ECLI:NL:GHARL:2014:3818
Gerechtshof Arnhem-Leeuwarden
- Hoger beroep
- M. Otte
- A.W.M. Elders
- J.W. Rijkers
- Rechtspraak.nl
Hoger beroep inzake kindermishandeling met vrijspraak in eerste aanleg
In deze zaak heeft het Gerechtshof Arnhem-Leeuwarden op 12 mei 2014 uitspraak gedaan in hoger beroep tegen een vonnis van de rechtbank Midden-Nederland, waarbij de verdachte op 26 juli 2013 was vrijgesproken van kindermishandeling. Het Openbaar Ministerie (OM) had hoger beroep ingesteld, omdat zij van mening was dat de ten laste gelegde feiten bewezen konden worden verklaard. De verdachte was beschuldigd van het opzettelijk toebrengen van geweld aan meerdere minderjarigen, waaronder K.W., N. van R., F.D. en D. van L. Het hof heeft de zaak onderzocht op de zitting van 28 april 2014 en heeft de vordering van de advocaat-generaal in overweging genomen.

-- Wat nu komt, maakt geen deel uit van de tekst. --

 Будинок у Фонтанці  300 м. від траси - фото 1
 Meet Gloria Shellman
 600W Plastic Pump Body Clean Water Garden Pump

Het hof heeft geconcludeerd dat er onvoldoende wettige bewijsmiddelen zijn om de verdachte schuldig te verklaren aan de ten laste gelegde feiten. De rechtbank had eerder geoordeeld dat er geen voldoende bewijs was dat de verdachte opzettelijk geweld had gepleegd tegen de minderjarigen. Het hof heeft de overwegingen van de rechtbank overgenomen en voegde hieraan toe dat de deskundigen niet met voldoende zekerheid konden vaststellen dat de verdachte verantwoordelijk was voor de letsels van de kinderen. De rechtbank had vastgesteld dat de letsels van de minderjarigen niet uitsluitend aan de verdachte konden worden toegeschreven, en het hof heeft deze conclusie bevestigd.
Het hof benadrukte dat, hoewel jonge kinderen kwetsbaar zijn en bescherming verdienen, de schuld van de verdachte buiten redelijke twijfel moet worden vastgesteld op basis van wettige bewijsmiddelen. Aangezien dit niet het geval was, heeft het hof het vonnis van de rechtbank bevestigd en de verdachte vrijgesproken van alle ten laste gelegde feiten.